Here’s why a bad mood can actually be good for you
Posted June 27
Updated June 28
According to a U.S. Mood poll, 9-11 percent of people surveyed reported having “daily worry and stress without a lot of happiness and enjoyment.” This Gallup-Sharecare Well-Being Index is a long-standing poll that has been tracking the daily percentages of Americans’ moods for years. Not surprisingly, the percentage of people in bad moods hit a four-year high of 13 percent around the time of election, but it crept back down to the normal 9-11 percent range shorty afterwards.
But still, 9-11 percent of people report on a daily basis that they’re unhappy. That’s not cool, right?
Well, there might be positive news for those of you who are currently experiencing a bad mood-those doldrums might actually be good for you.
Growing evidence shows that negative moods, such as sadness or anger, actually have psychological benefits. Recent scientific experiments continue to prove these findings. Joseph Paul Forgas, a professor of psychology at the University of New South Wales, explains why being in a bad or sad mood comes with more than a few benefits:
You May Have A Better Memory
One study, conducted on people who were in a weather-induced negative mood, showed that that the group had improved memory accuracy. In another example, three experiments showed that people who were in a bad mood also had an easier time accurately recalling recent past events.

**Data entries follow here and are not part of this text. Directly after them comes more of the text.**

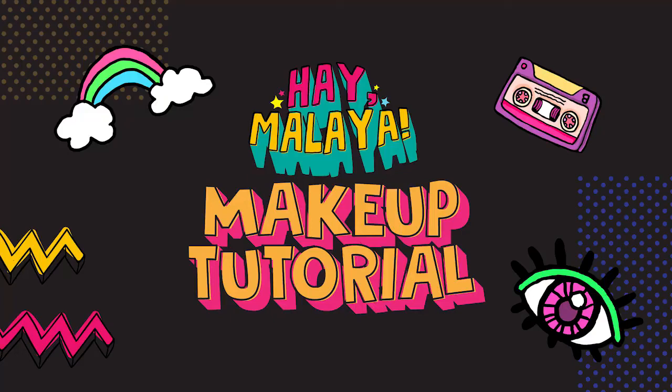Hi! So today I'm going to do my daily makeup routine.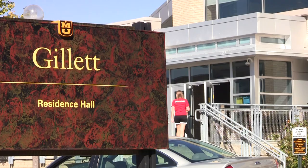Welcome to Hudson and Gillette. Residence Hall is located in the heart of campus. Let's begin our tour.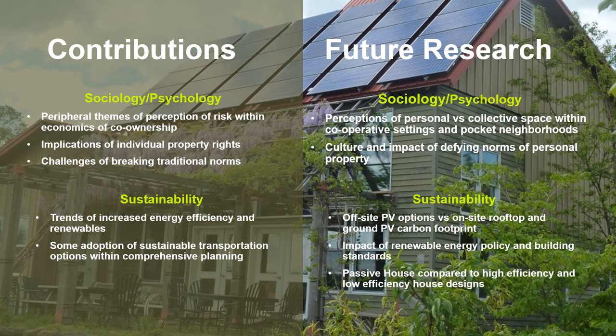This research contributes peripherally to sociology and psychology by highlighting the implications of individual property rights — more research could be done on that and the breaking of norms. For sustainability, this work contributes to trends of efficiency and adoption levels across various categories. Something I'd like to see researched further is whether off-site renewable energy purchase versus on-site energy production leads to any changes in patterns of energy use.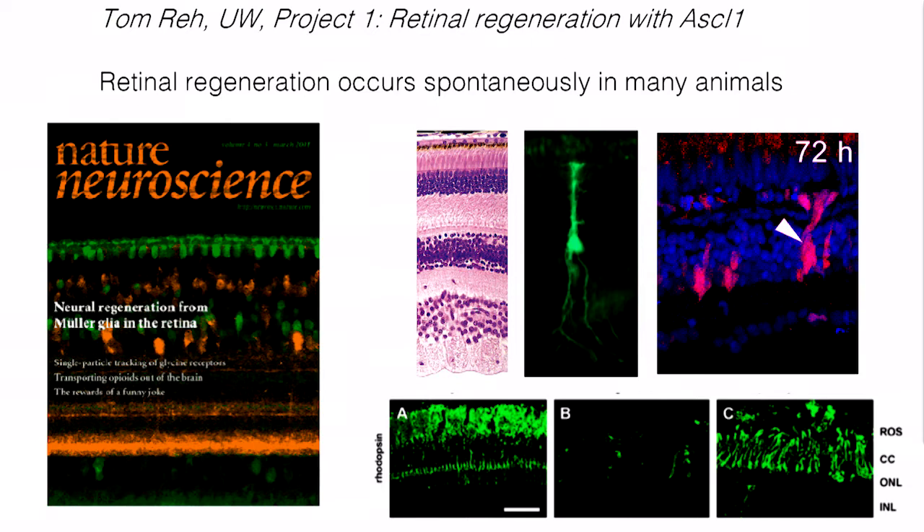In these lower panels, you can see normal rods in green, and then after an injury — a light damage — the rods are all gone. But in this species, the zebrafish, the rods get replaced within a few weeks.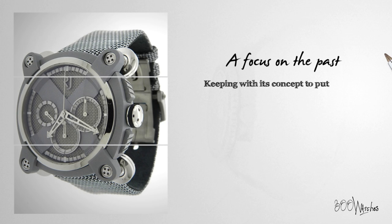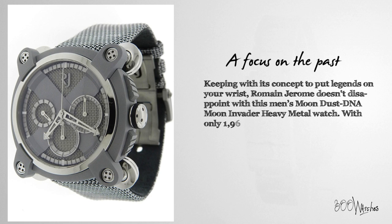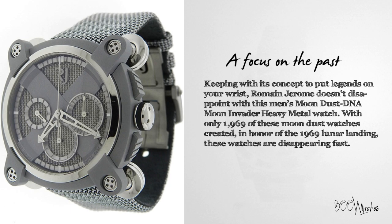Keeping with its concept to put legends on your wrist, Romain Jerome doesn't disappoint with this men's Moondust DNA Moon Invader Heavy Metal Watch. With only 1,969 of these Moondust watches created in honor of the 1969 lunar landing, these watches are disappearing fast.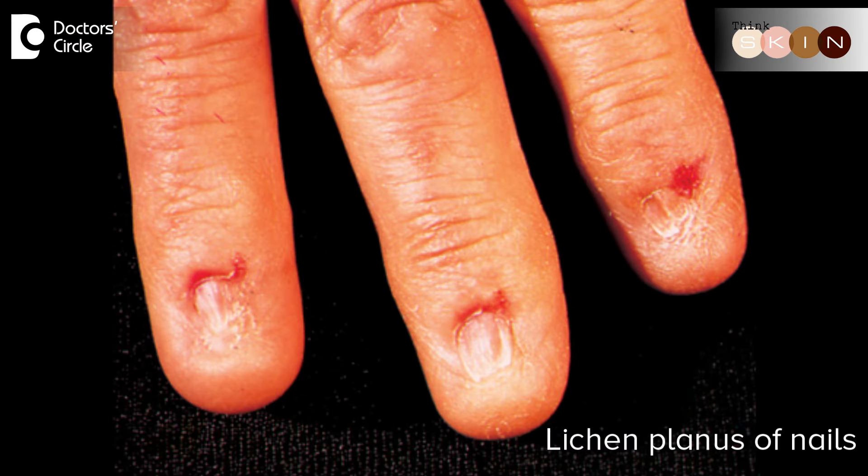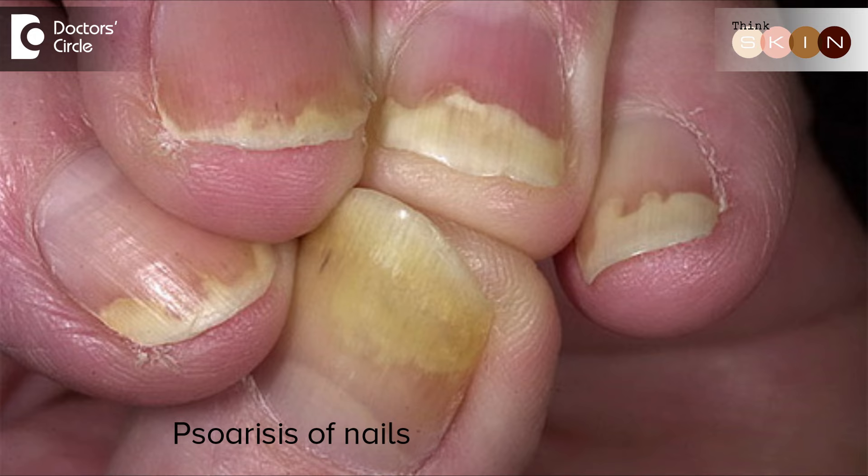It could be lichen planus, it could be psoriasis, or any skin disease which causes blistering. It's good to visit a doctor to rule out problems like lichen planus, psoriasis, or any other skin diseases which can begin with discoloration of the nail. And if it's a fungal infection of the nail, it's a very simple and straightforward treatment. Treatment depends on the underlying cause, so it's important to meet your doctor, get the right diagnosis, and then the treatment.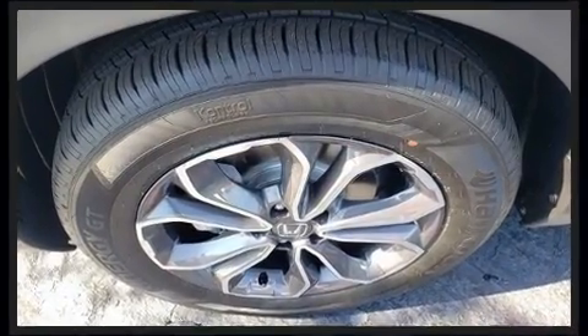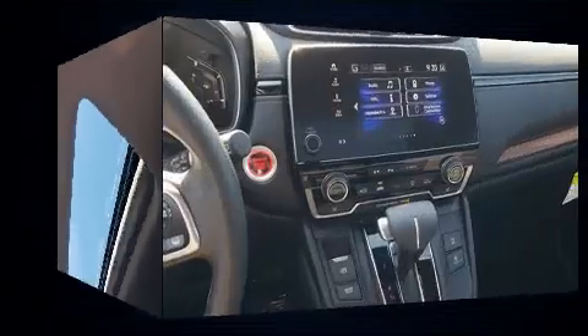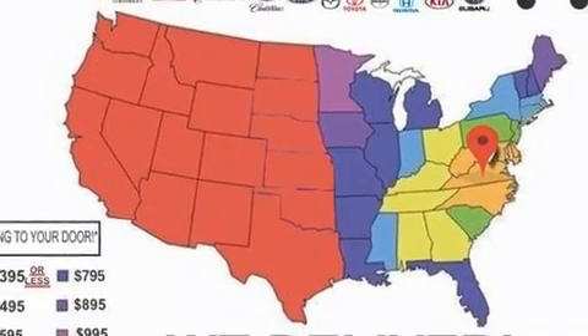Traction control, brake assist, a panic alarm, and four-wheel disc brakes with ABS are all included. Electronic stability control ensures solid grip atop the road surface, no matter how challenging the driving conditions. Our experienced sales staff is eager to share its knowledge and enthusiasm with you.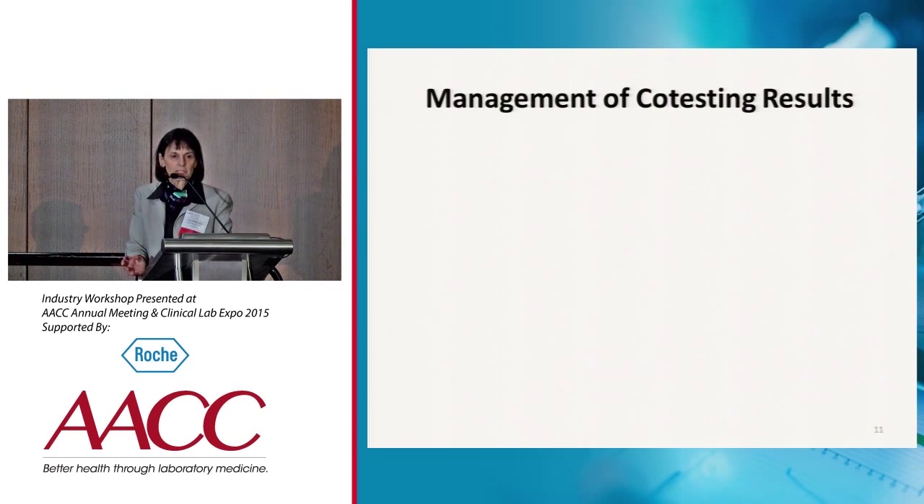With co-testing, you get two results. Very often, one will be a screen positive and one will be a screen negative. So this discordance has to be resolved in determining management.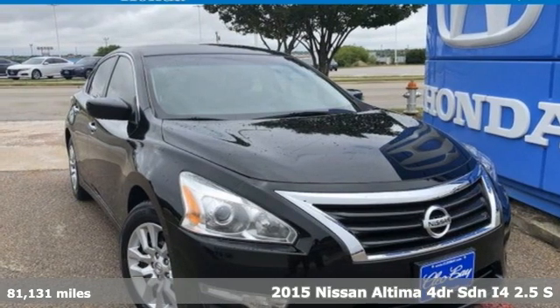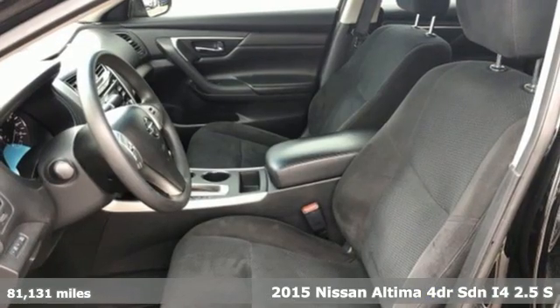It's a 2015 Nissan Altima. Nissan — built for the human race.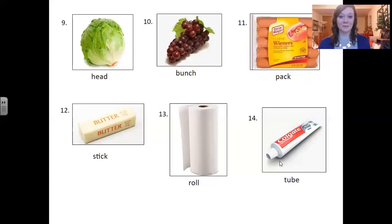So these are some of the container words that we use for different foods when we're shopping. I hope that these will help you the next time you go to the store. Thank you for joining me today. Have a great day. Bye-bye.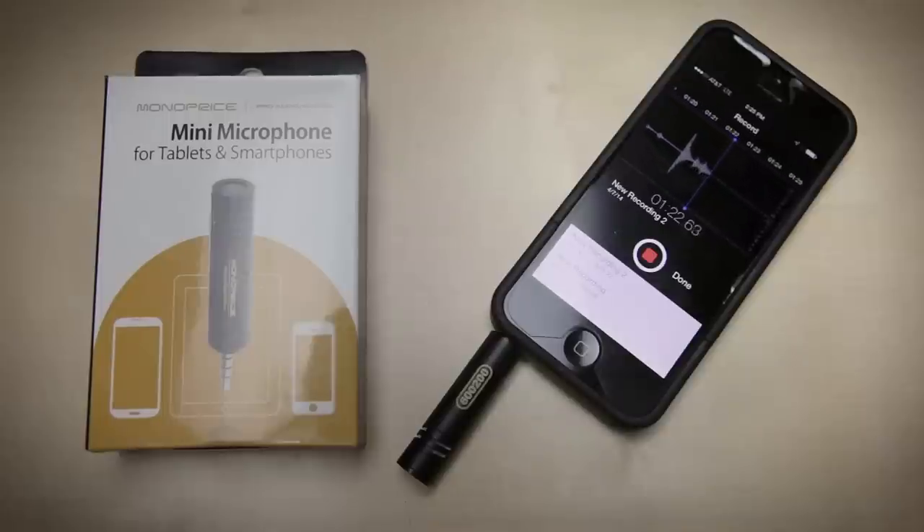It's perfect for recording interviews, lectures, and other material where you need good audio on the go. This microphone is designed for use with Apple iOS devices, but it also works with Android smartphones and tablets that utilize a TRRS jack wired to the CTIA standard.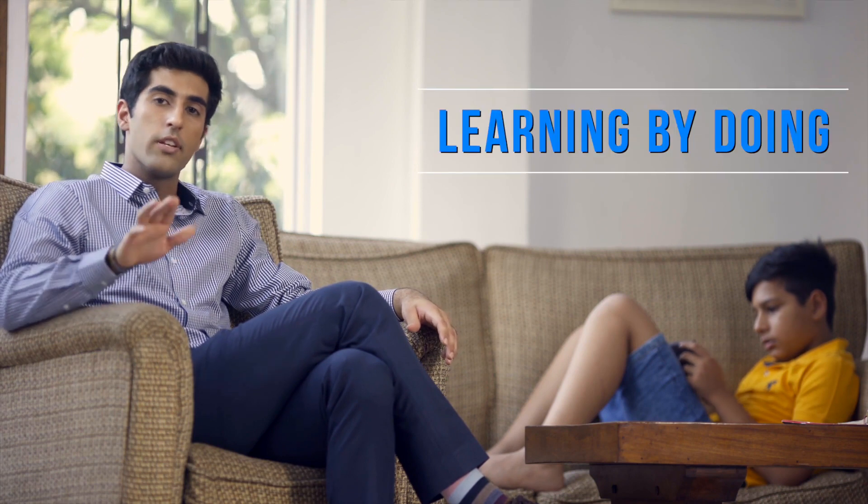All with a single goal: to truly educate you, our student user. At Marksharks, interactive learning, or learning by doing, defines us as a product.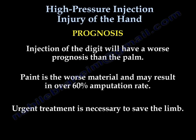Prognosis: injection of the digit will have a worse prognosis than the palm. Paint is the worst material and may result in over 60% amputation rate. Urgent treatment is necessary to save the limb of the patient.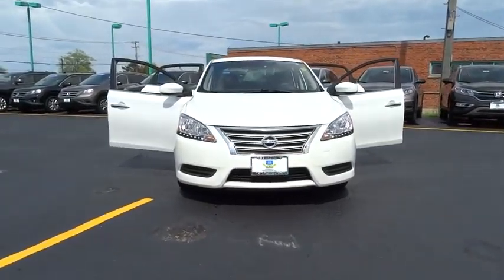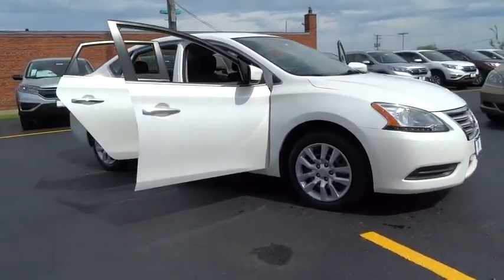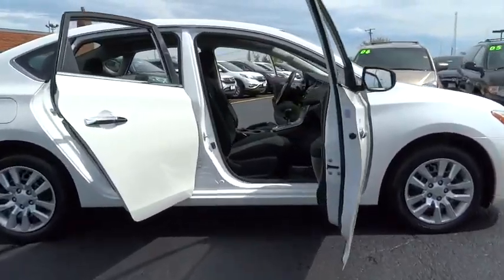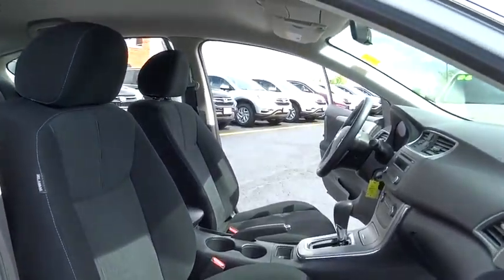The 2014 Nissan Sentra. With its spacious and versatile interior and stellar fuel efficiency, the Nissan Sentra is the obvious choice for anyone who wants to enjoy a stylish and comfortable ride. This vehicle has less than 45,000 miles. Here are some of this vehicle's great options.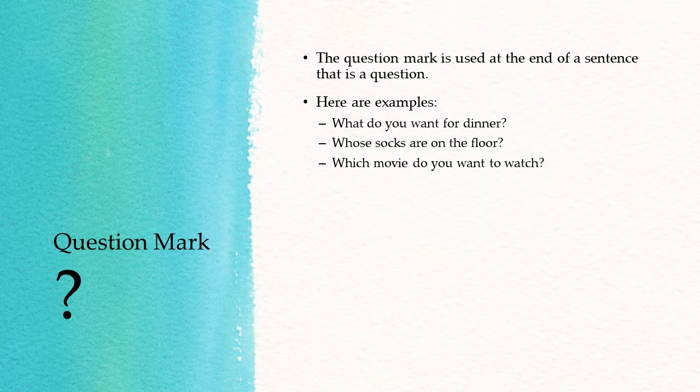Now for the question mark. The question mark is used at the end of a sentence that is a question. Here are examples: "What do you want for dinner? Whose socks are on the floor? Which movie do you want to watch?"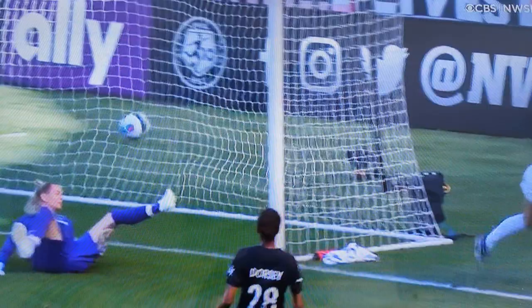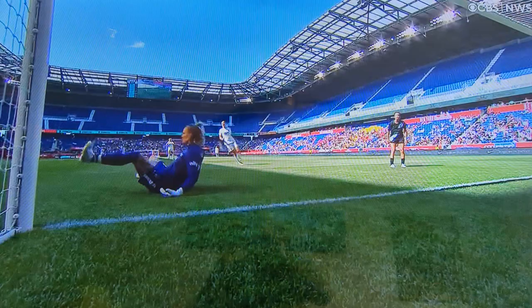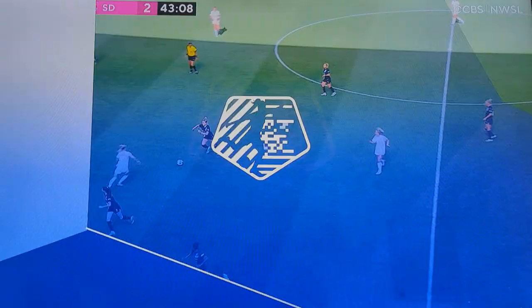Have time to pick out Alex Morgan, who does the exact right thing and makes that near post run and beats Harris to it, beats the center back to it. And that is a fantastic finish by Alex Morgan — a small window, a small glimpse for her to find the back of the net, and she does just that.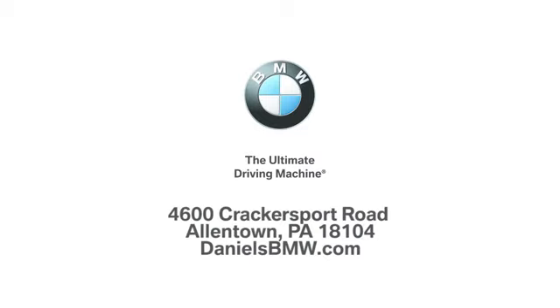Welcome to Daniel's BMW at 4600 Cracker Sport Road in Allentown, Pennsylvania.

Researchers believe that eyewitness memories are improved because bad moods can reduce the effects of various distractions, such as “irrelevant, false or misleading information.”
You Could Experience More Motivation
One experiment had both happy and sad participants perform a difficult mental test, and it showed that those who were in a bad mood actually tried harder. They spent more time on the task assigned, attempted more questions and even produced more correct answers.
You May Be Able To Communicate More Efficiently
When in a bad mood, people tend to become more attentive and experience a more detailed thinking style, which in turn results in improved communication.
You Play Fairly
Two experiments associated with bad moods showed that people who were experiencing a mild bad mood paid greater attention to social expectations and were less selfish.
Psychologists have long been studying feelings, moods and our behaviors because of them. While no one really wants to be in a bad mood, they do have a useful role. Feelings of negativity, which include emotions pertaining to fear, shame, anger or disgust, are helpful in allowing us to recognize, overcome or even avoid threatening or dangerous situations.